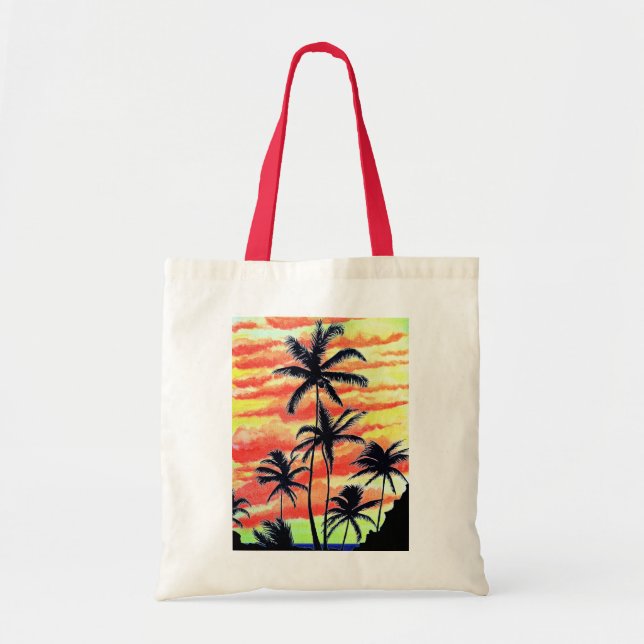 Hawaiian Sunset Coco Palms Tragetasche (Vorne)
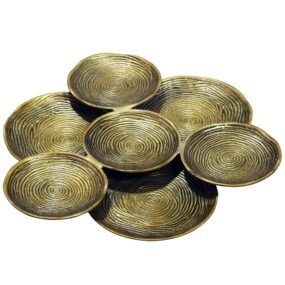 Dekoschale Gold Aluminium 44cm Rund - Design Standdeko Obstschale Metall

━━━━━━━━

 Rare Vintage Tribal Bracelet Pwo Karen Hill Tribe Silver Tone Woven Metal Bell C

━━━━━━━━

### Task
From the records above, transcribe exactly the lines starting at the one containing "Hawaiian Sunset Coco" and ending at the one containing "Dekoschale Gold Aluminium". Skip the pictures.

### Exercise response
 Hawaiian Sunset Coco Palms Tragetasche (Vorne)
 Dekoschale Gold Aluminium 44cm Rund - Design Standdeko Obstschale Metall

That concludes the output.